▶ What to work on
Where the line containing "Failing Better Now" appears in the records below, begin there and repeat each line exactly through the final one, dropping all pictures.
Start of Source data
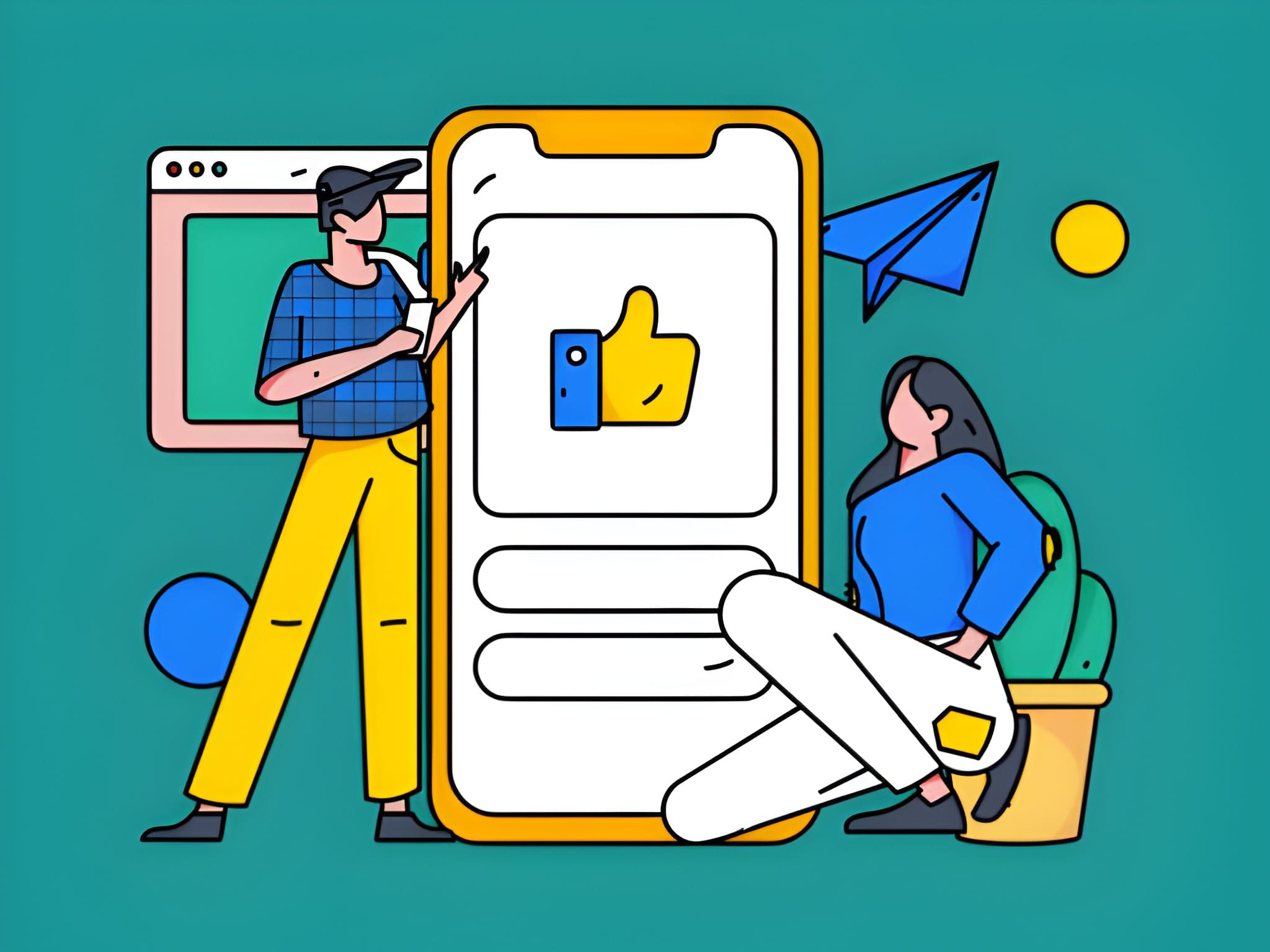 Make Smart Business Card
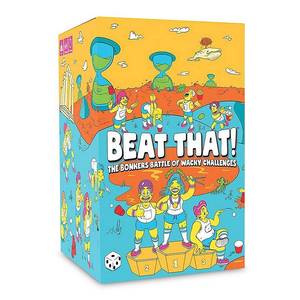 lot 2336 image: Beat That - The Bonkers Battle of Wacky Challenges Family Party Game for Kids & Adults New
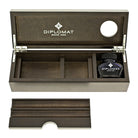 Diplomat Wooden Desk Case with Ink in Wenge Pen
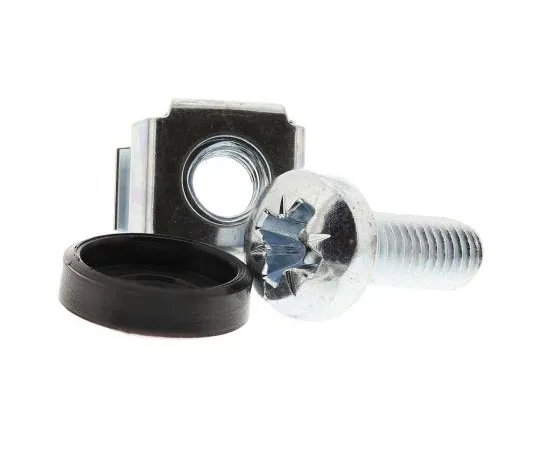 63-7624-01 RS PRO Nylon 10 Piece Cross Drive Screw/Bolt, Nut & Washer Kit 542-5410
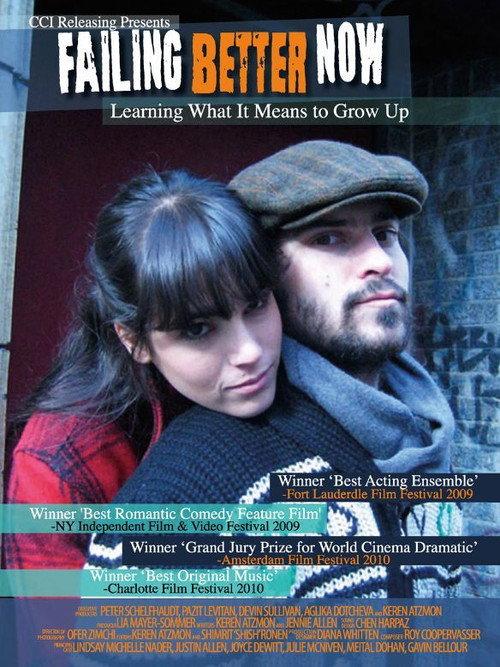 Failing Better Now 2010 official movie poster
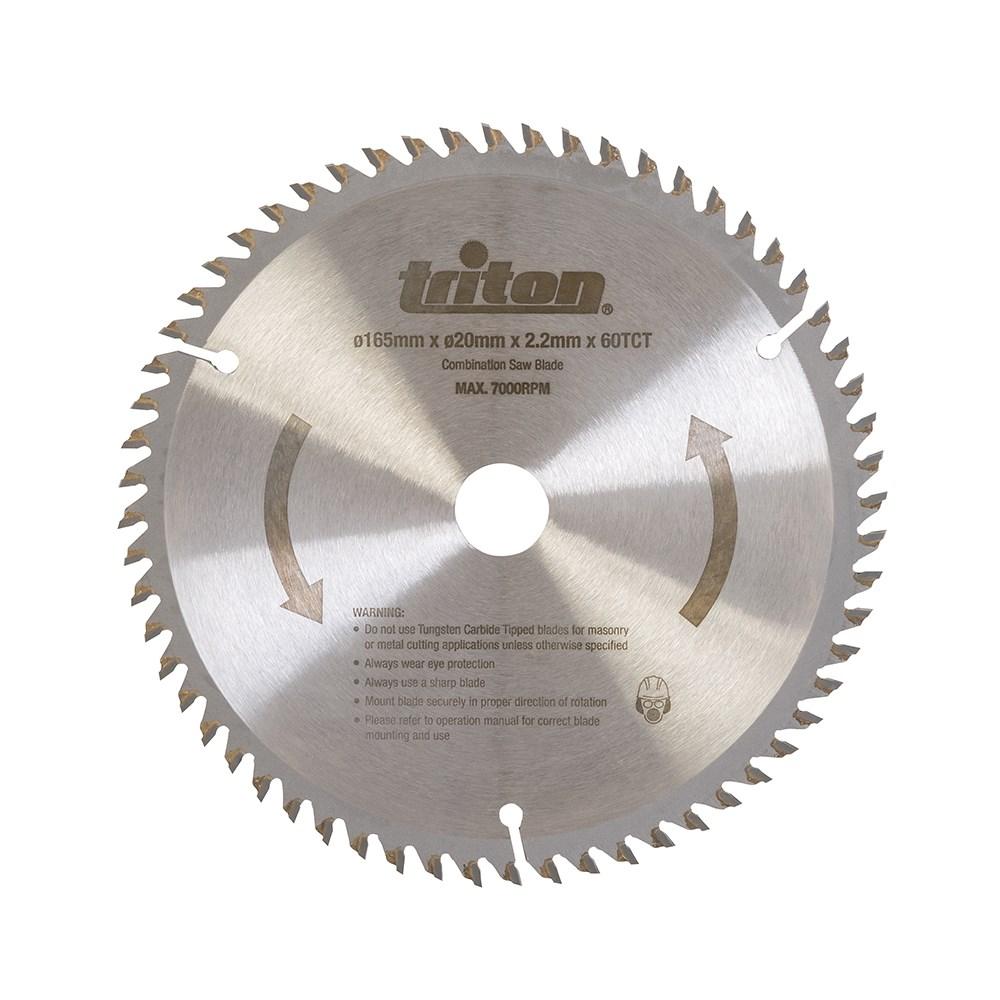 TCT Kreissägeblatt Holz - Triton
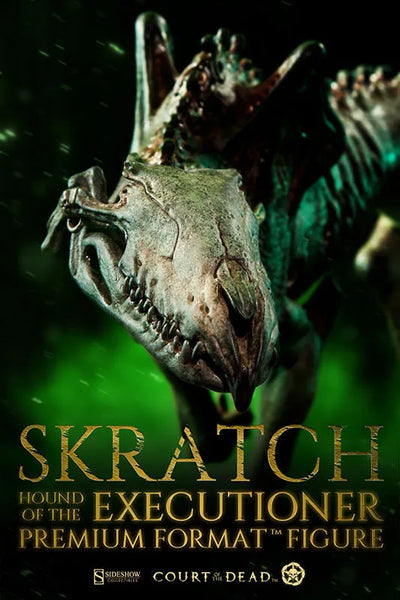 Court of the Dead - PFF Skratch: Hound of the Executionerㅤ – Sideshow Collectibles – ActionFigure Brasil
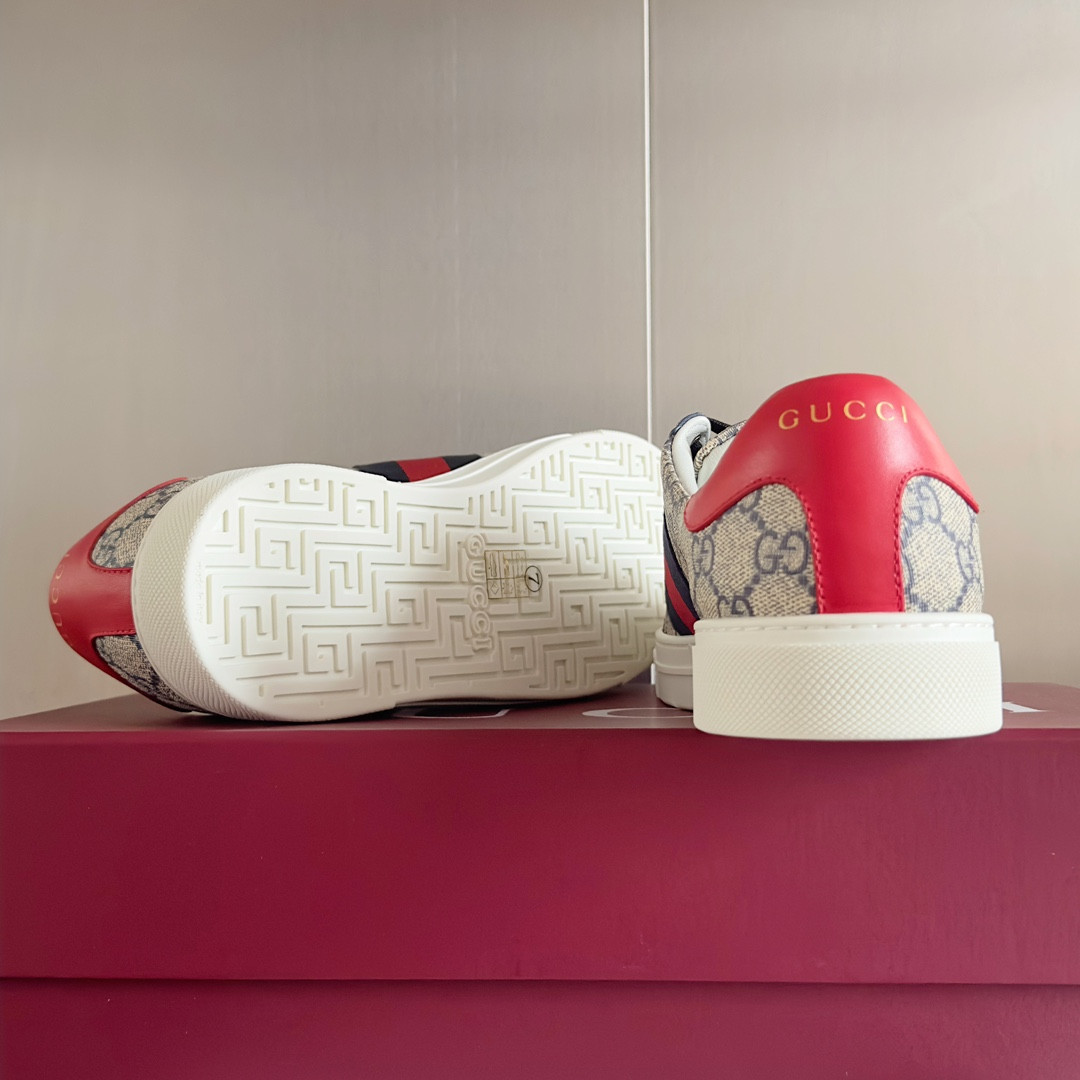 UA GUCCI Ace Sneaker With Web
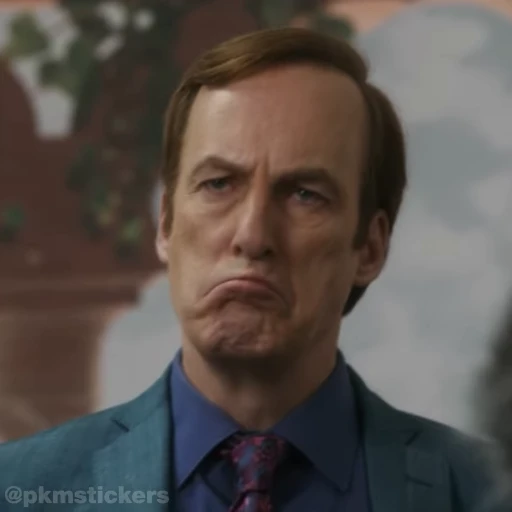 🤪 Стикер «Saul Goodman» для Telegram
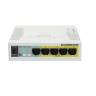 Коммутатор MikroTik CSS106-1G-4P-1S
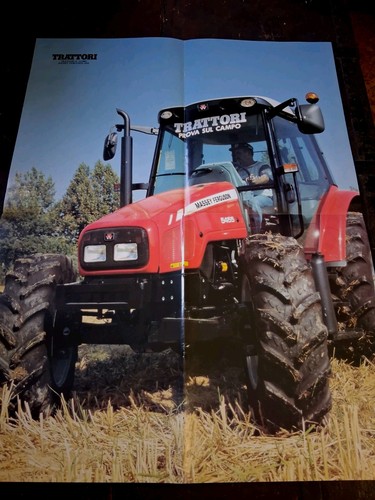 Poster trattore massey - trattore,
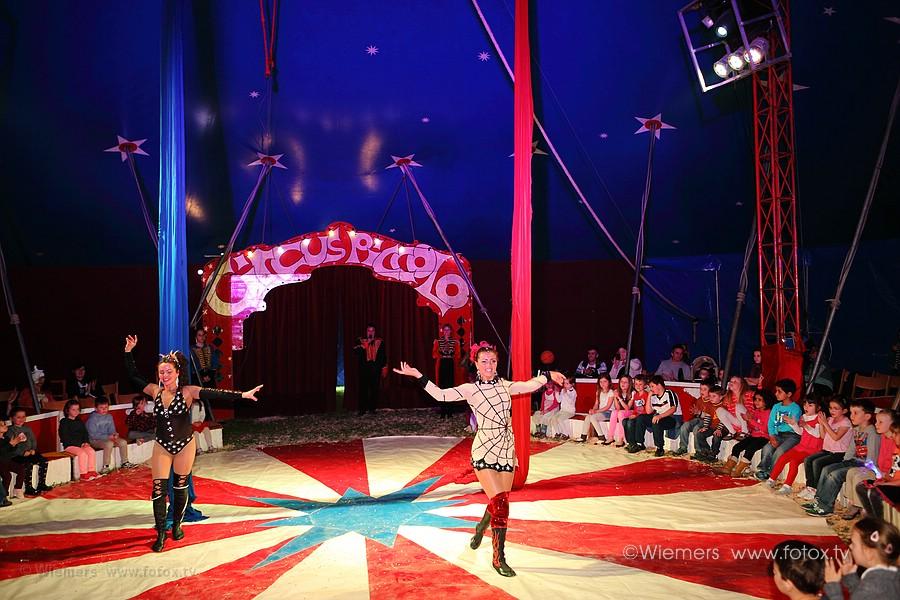 Zirkus Piccolo in Morntal-Muenchingen Mai 2013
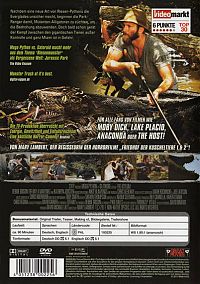 Mega Python vs. Gatoroid [DVD], 1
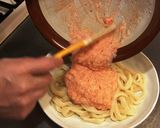 明太トロロうどん♪作り方4写真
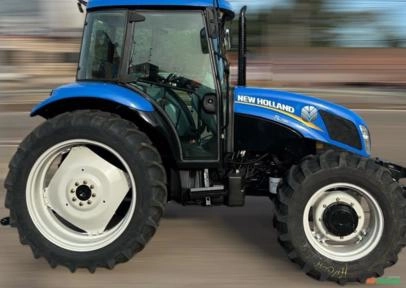 Imagem Trator New Holland TL75E Ano 2017 Imagem Trator New Holland TL75E Ano 2017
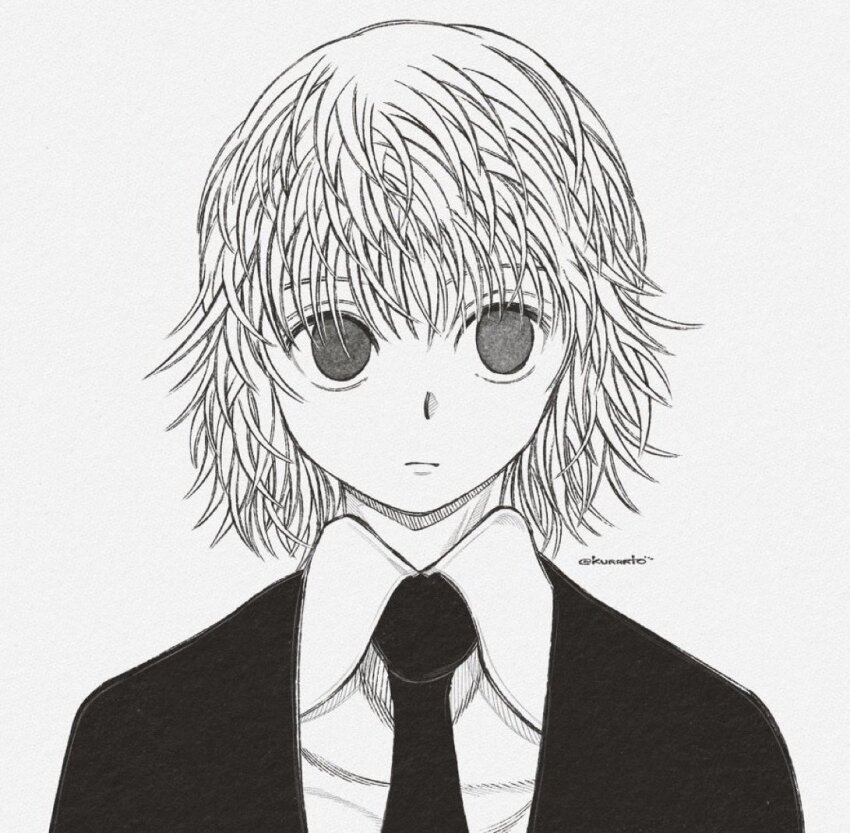 Kurapika (Hunter X Hunter) Rule 34 Image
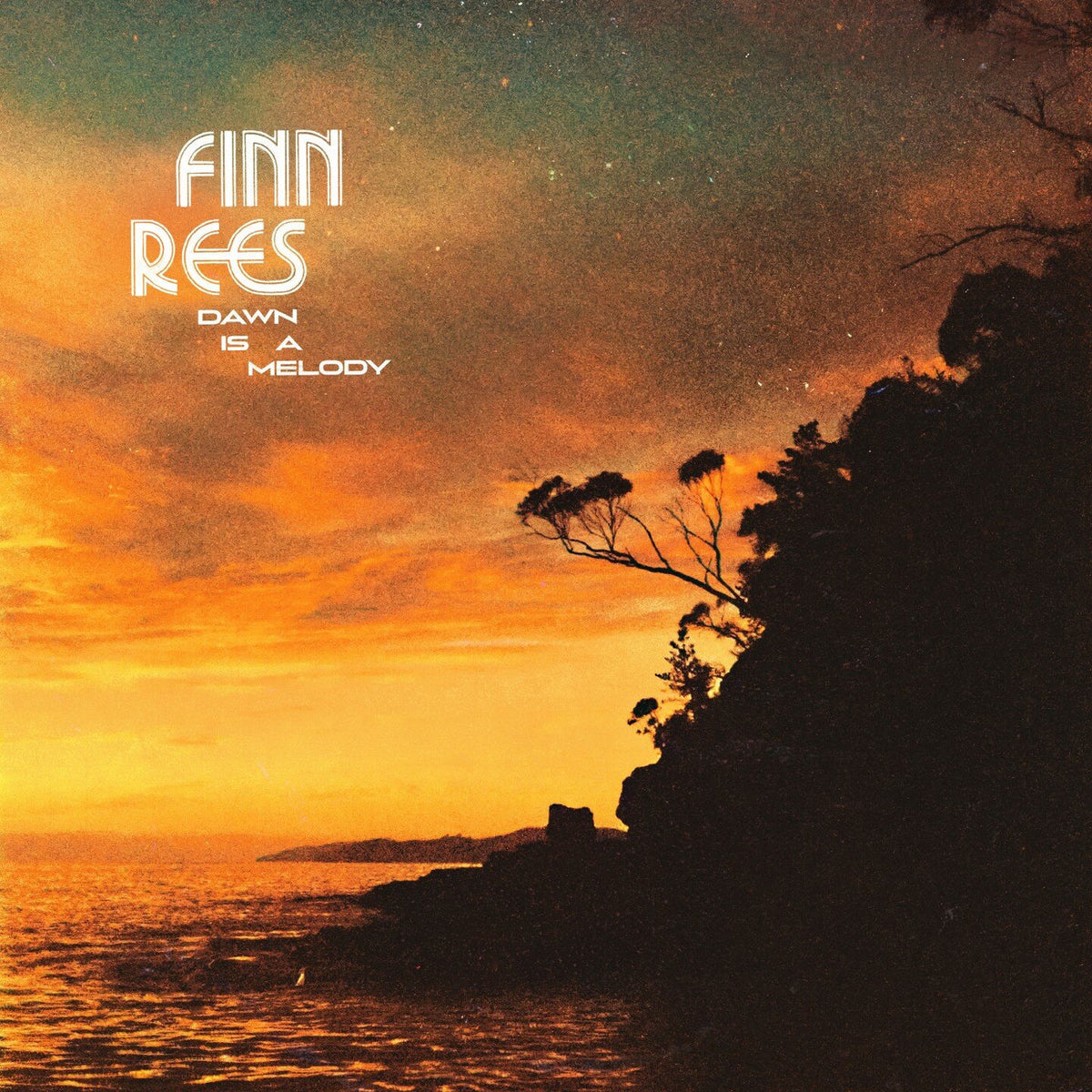 Finn Rees – Dawn Is a Melody vinyl record cover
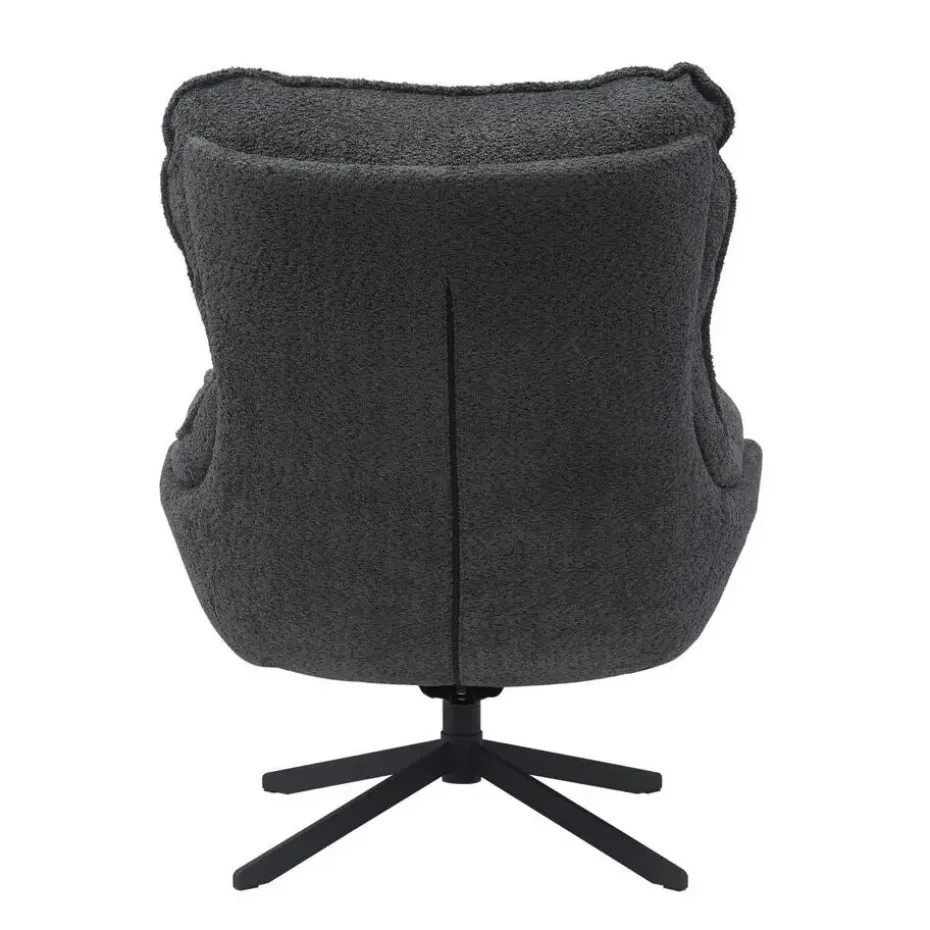 StarFurn - Vera fauteuil - donkergrijs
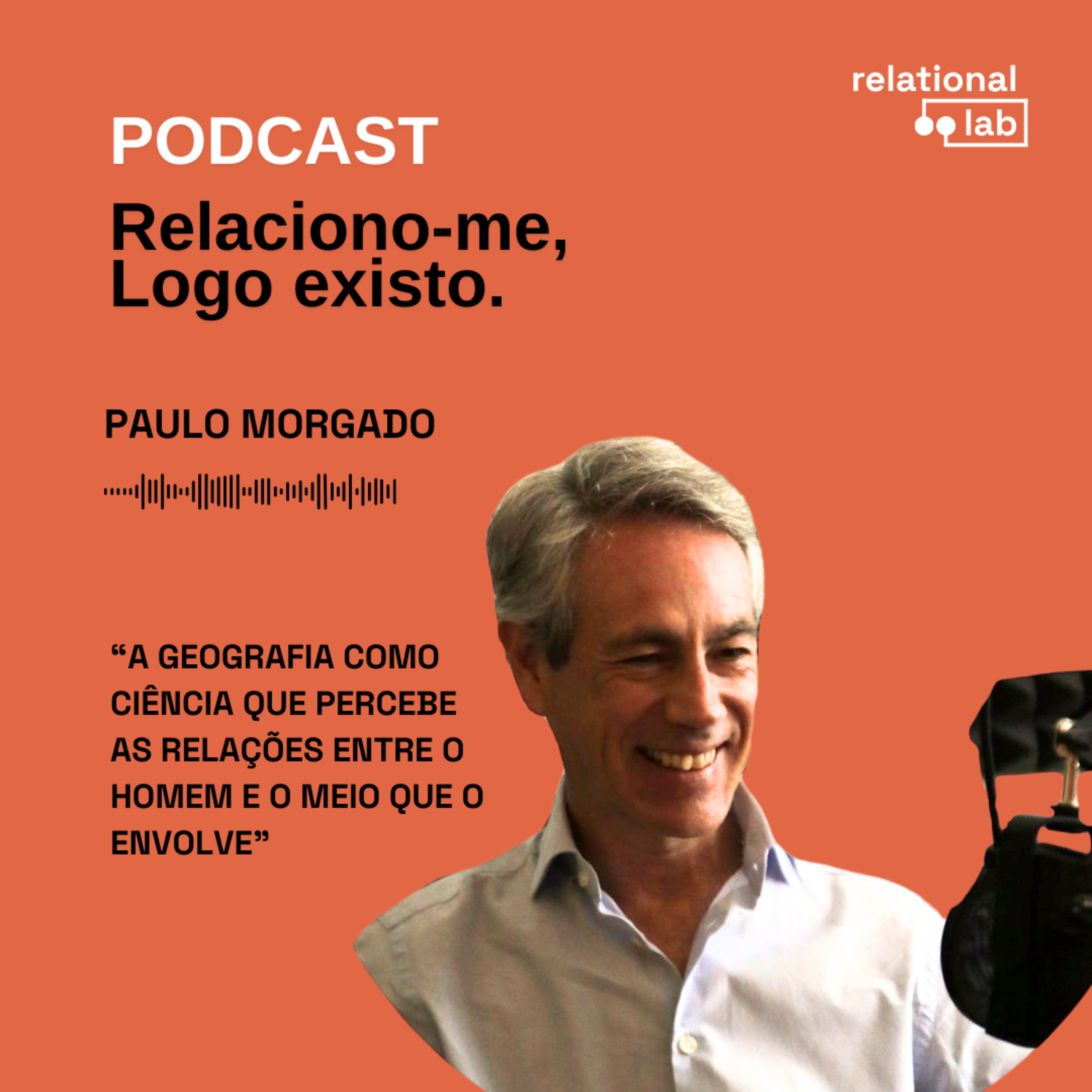 Paulo Morgado: A Geografia como ciência que percebe as relações entre o homem e o meio que o envolve  episode artwork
End of Source data
▶ Answer section
 Failing Better Now 2010 official movie poster
 TCT Kreissägeblatt Holz - Triton
 Court of the Dead - PFF Skratch: Hound of the Executionerㅤ – Sideshow Collectibles – ActionFigure Brasil
 UA GUCCI Ace Sneaker With Web
 🤪 Стикер «Saul Goodman» для Telegram
 Коммутатор MikroTik CSS106-1G-4P-1S
 Poster trattore massey - trattore,
 Zirkus Piccolo in Morntal-Muenchingen Mai 2013
 Mega Python vs. Gatoroid [DVD], 1
 明太トロロうどん♪作り方4写真
 Imagem Trator New Holland TL75E Ano 2017 Imagem Trator New Holland TL75E Ano 2017
 Kurapika (Hunter X Hunter) Rule 34 Image
 Finn Rees – Dawn Is a Melody vinyl record cover
 StarFurn - Vera fauteuil - donkergrijs
 Paulo Morgado: A Geografia como ciência que percebe as relações entre o homem e o meio que o envolve  episode artwork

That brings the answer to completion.